Commanders and leaders
- Roseller Murillo Gerrardo Barrientos Jr. Ibrahim Macadato: Omar Maute Abdullah Maute

Units involved
- Armed Forces of the Philippines Philippine Army 1st Infantry Division 103rd Infantry Brigade; 51st Infantry Battalion; ; ;: Unknown

Strength
- ≈2,000 soldiers: 60+ militants

Casualties and losses
- 5 killed 7 wounded: 55 killed (Philippine army estimate)

= 2016 Butig clashes =

2016 armed conflicts in the Philippines

The 2016 Butig clashes were armed conflicts that began on February 20, 2016, between the Philippine Army and a group of Moro insurgent sympathizers of ISIS and Jemaah Islamiyah led by the Maute group in Butig, Lanao del Sur, Philippines. Three Philippine Army soldiers were killed in action, 11 wounded, and 20 terrorists killed in the early phase of battle. 335 families fled to Marawi City and 657 families took refuge in Masiu.

==February 2016 clash==
The Butig clashes began when a supposed "foreign and local terrorist organization" (FLTO), led by the Maute brothers, harassed the 51st Infantry Battalion, which had been manning a patrol base in Barangay Bayabao on February 20, 2016. Armored personnel carriers and troops were sent to Butig, while the military used two 520MG Defender helicopters to track down the armed men and conducted air strikes against them.

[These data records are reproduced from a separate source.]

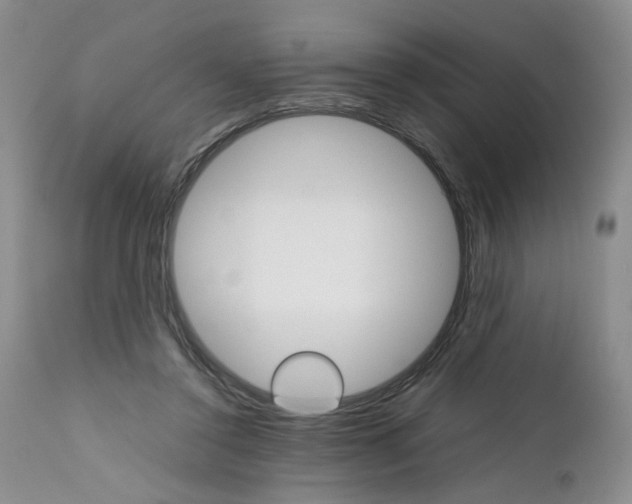 X0000111680356200908281141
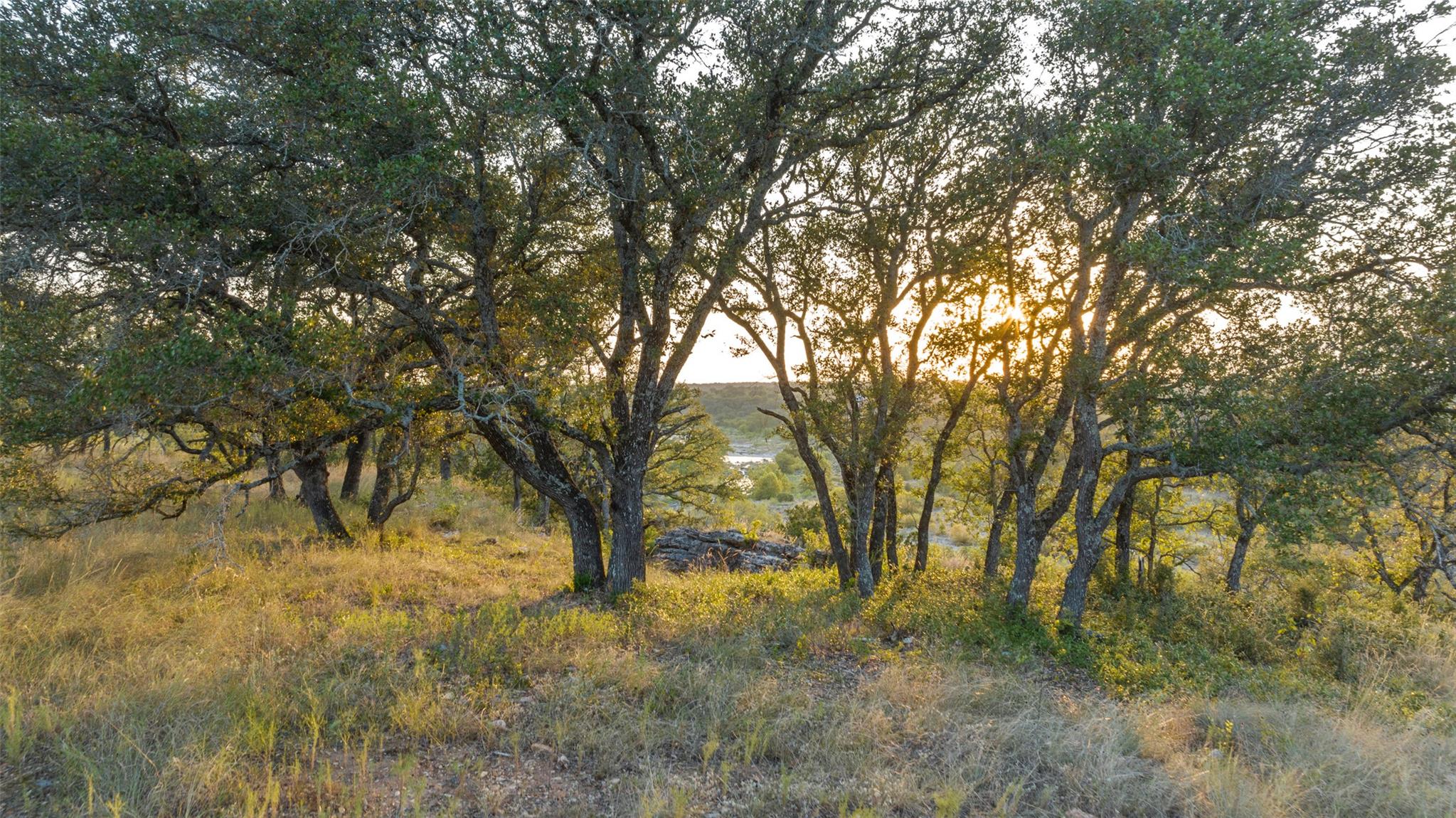 8577 Ranch Road 2766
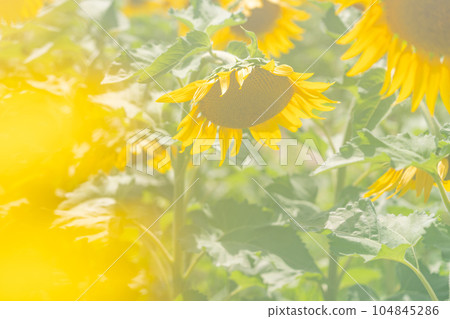 nostalgic landscape images nostalgic landscape images 104845286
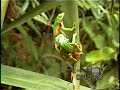 Phyllomedusa distincta desovando com a presença de um macho extra numa das lagoas do Santuário Rã-bugio, em Guaramirim, SC.Instituto Rã-bugio para Conservação da BiodiversidadeJaraguá do Sul, SC http://www.ra-bugio.org.br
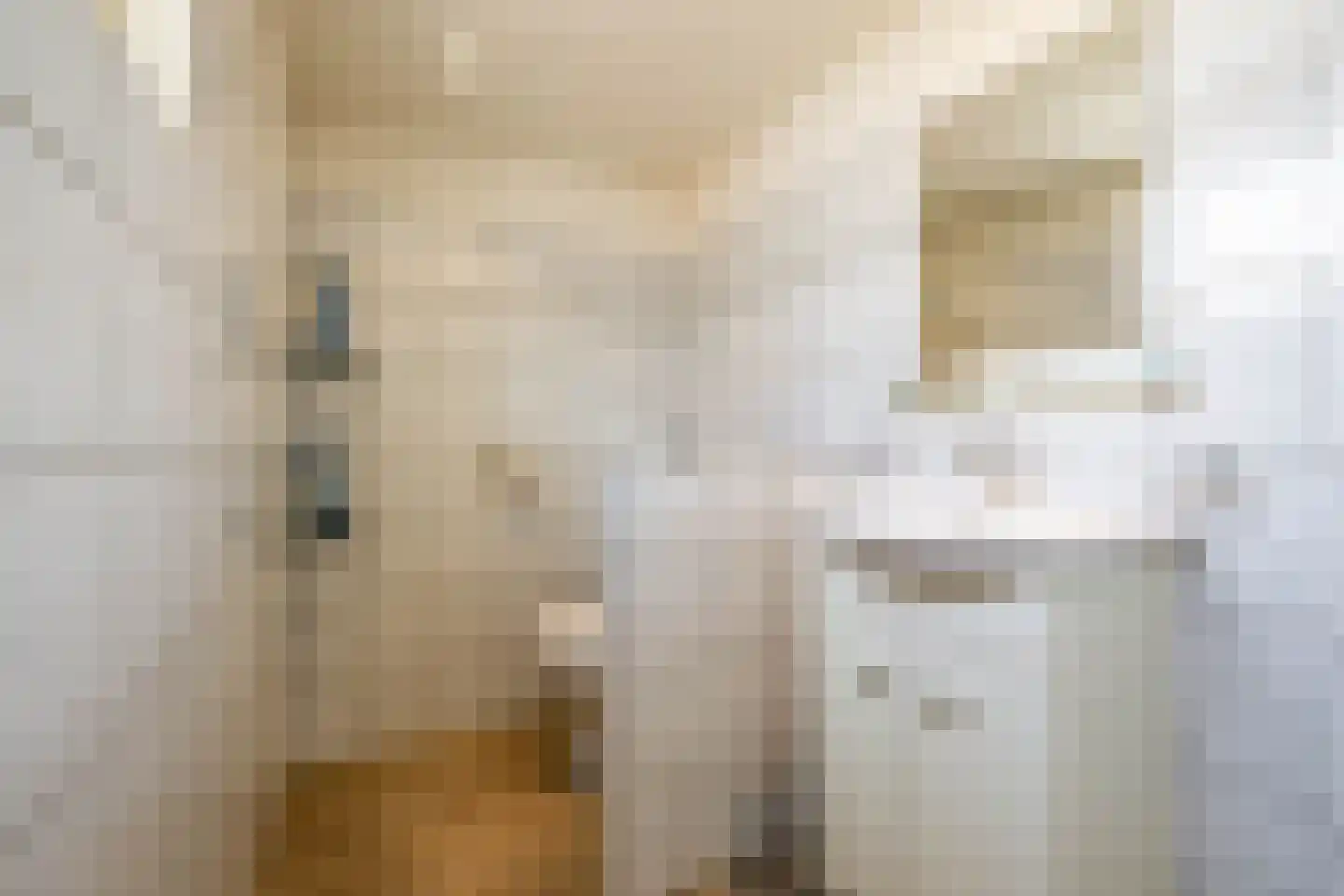 Hoofdweg 207 Paterswolde thumbnail 31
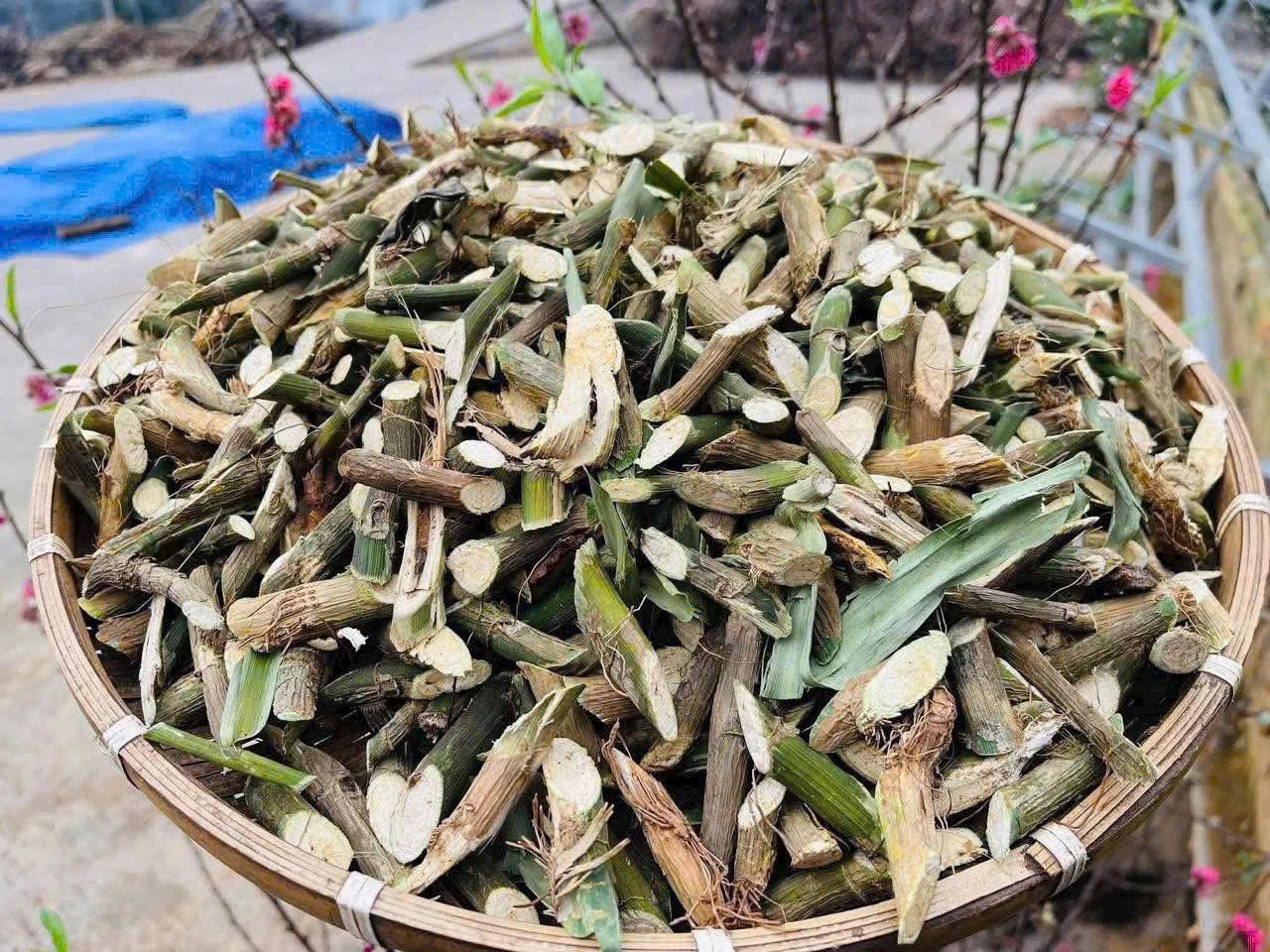 Cây Cơm lênh là một trong trong những dược liệu quý được lương y Thái kết hợp trong các bài thuốc. (Ảnh: NVCC)
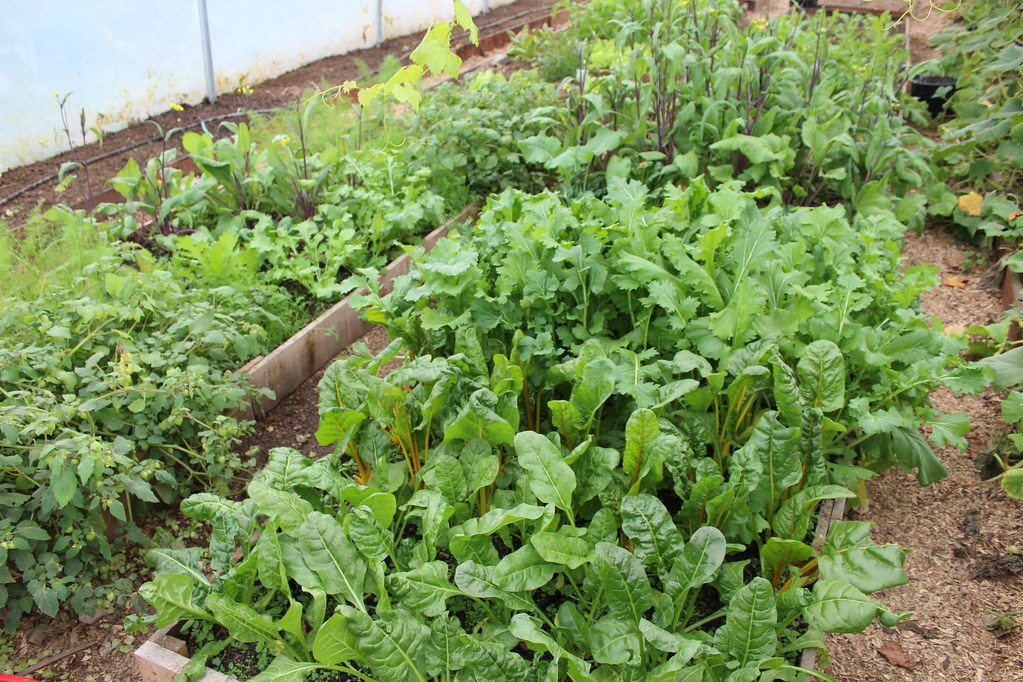Leafy Greens (Spinach, Kale, Arugula): The Low-Calorie, High-Nutrient Powerhouses (image credits: flickr)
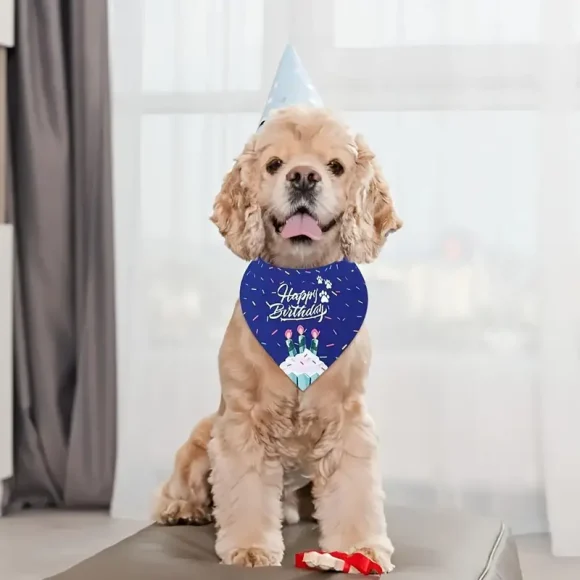 Pañuelo Feliz Cumpleaños Bandanas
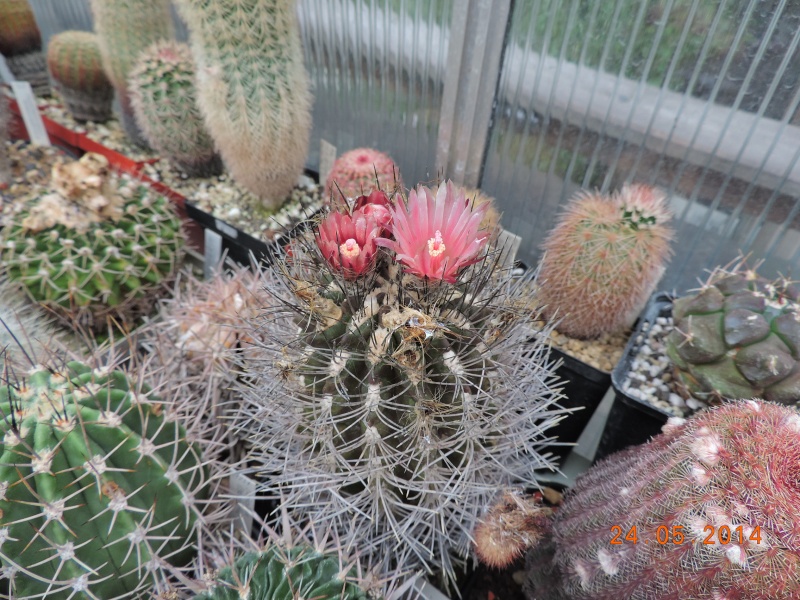 Cacti and Sukkulent in Köln, every day new flowers in the greenhouse Part 97 Bild_254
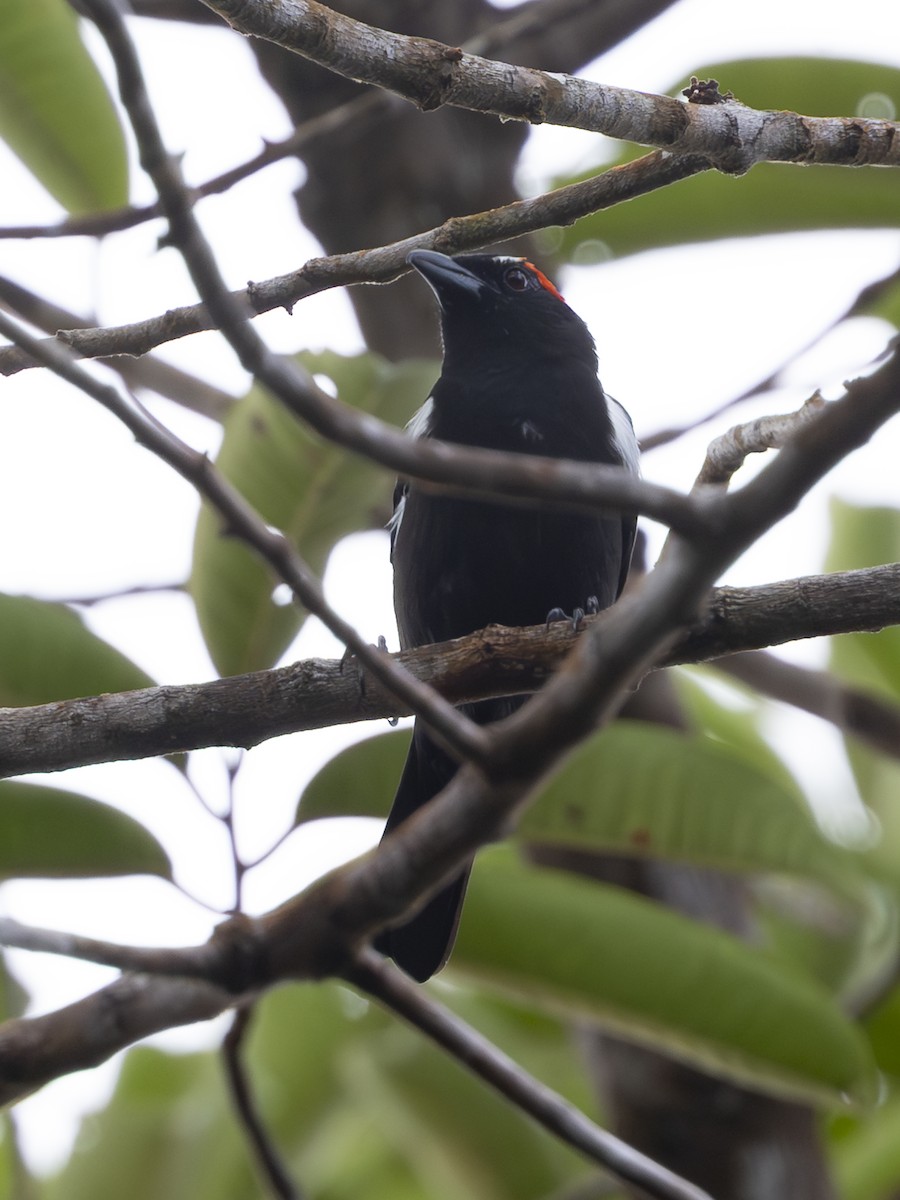Scarlet-browed Tanager - ML646379774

A lull in the fighting occurred that evening, but resumed at dawn the next. According to Armed Forces of the Philippines sources, the skirmishes between Army forces and the Maute group turned into a full blown military offensive with troops using artillery, gunships, and armored personnel carriers against the terrorists.

The Autonomous Region in Muslim Mindanao (ARMM) Office of Civil Defense stated that approximately 2000 individuals evacuated their homes to avoid getting caught in the crossfire. According to Armed Forces of the Philippines spokesman Brig. Gen. Restituto Padilla, three soldiers were killed and six others were wounded in the sporadic firefights.

==November 2016 clash==

On November 26, 2016, the Maute group, a militant organization which pledged allegiance to the Islamic State of Iraq and the Levant, occupied the town of Butig in Lanao del Sur.

The Maute group lost Camp Darul Iman in Butig to the Philippine military in June 2016. The November 2016 town seizure was reportedly in retaliation of an offensive launched by the Armed Forces of the Philippines.

The Maute group seized the town of Butig in November 26 reportedly with 200 militants. By the second day, the group now with about 300 armed men with grenade launchers have occupied the old town hall building where they replaced the Philippine flag hoisted there with the Black Standard flag used by ISIS. They had also occupied the mosque and the national high school situated inside the town center. All roads leading to Butig was closed to the public. The Tactical Command Post in Lanao has sent reinforcements to aid Philippine soldiers fighting the Maute fighters in Butig. SF-260 trainer planes also dropped 150 lb bomb in the occupied town center.

The Moro Islamic Liberation Front is reportedly coordinating with the government in dealing with the evacuees who fled from the town due to the clash.

By the third day, most of the 17,000 residents of the Muslim-majority town has been evacuated to neighboring municipalities. The old municipal hall was also recaptured by government forces.

Meanwhile, during the operation, suspected Maute Group members planted an IED outside the US embassy in Manila, and detonated another in a PSG and military convoy in Marawi that acts as vanguard party for President Duterte's visit in Marawi and Butig, wounding 7 PSG personnel and 2 soldiers.

The offensive by government forces ended on November 30, 2016, with the military saying that the town was deserted and that surviving Maute militants are retreating to the mountains.